Competition for Consciousness Among Visual Events: The Psychophysics of Reentrant Visual Processes
V DiLollo, Dept. of Psychology, University of British Columbia.
JT Enns, Dept. of Psychology, University of British Columbia.
RA Rensink, Cambridge Basic Research, Nissan Research & Development, Inc.

Journal of Experimental Psychology: General,129:481-507. 2000.  [pdf]

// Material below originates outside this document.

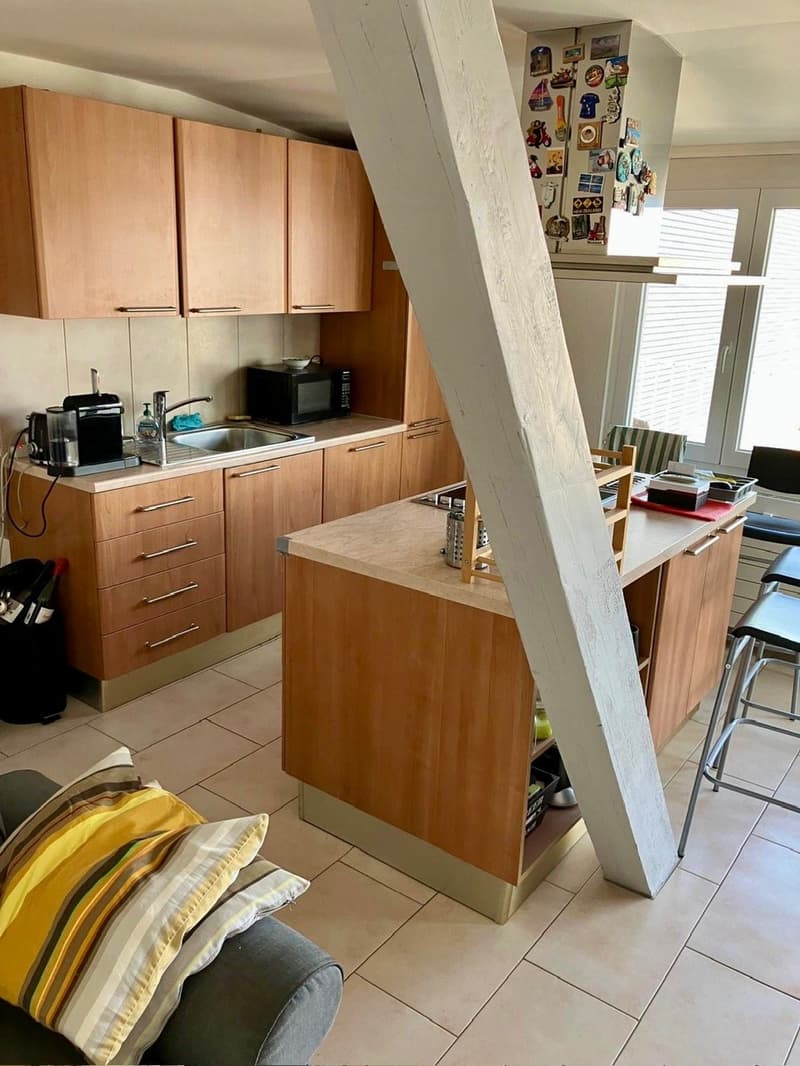 Appartement mansardé 3 pièces avec balcon à Binningen (2)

Advances in neuroanatomy and neurophysiology have called attention to reentrant signalling as the predominant form of communication between brain areas. We propose that explicit use be made of reentrant processing in theories of perception. To show that this can be done effectively in one domain, we report on a series of psychophysical experiments involving a new form of masking, which defies explanation by current feed-forward theories. This masking occurs when a brief display of target plus mask is continued with the mask alone. We report evidence of two masking processes: an early process affected by physical factors such as adapting luminance and contour proximity, and a later process affected by attentional factors such as set size, target pop-out, and spatial pre-cuing. We call this later process masking by object substitution because it occurs whenever there is a mismatch between the reentrant visual representation and the ongoing lower-level activity produced by current sensory input. Iterative reentrant processing is formalized in a computational model that provides an excellent fit to the data. We argue that our model provides a more comprehensive account of all forms of masking than the long-held feed-forward views based on inhibitory contour interactions.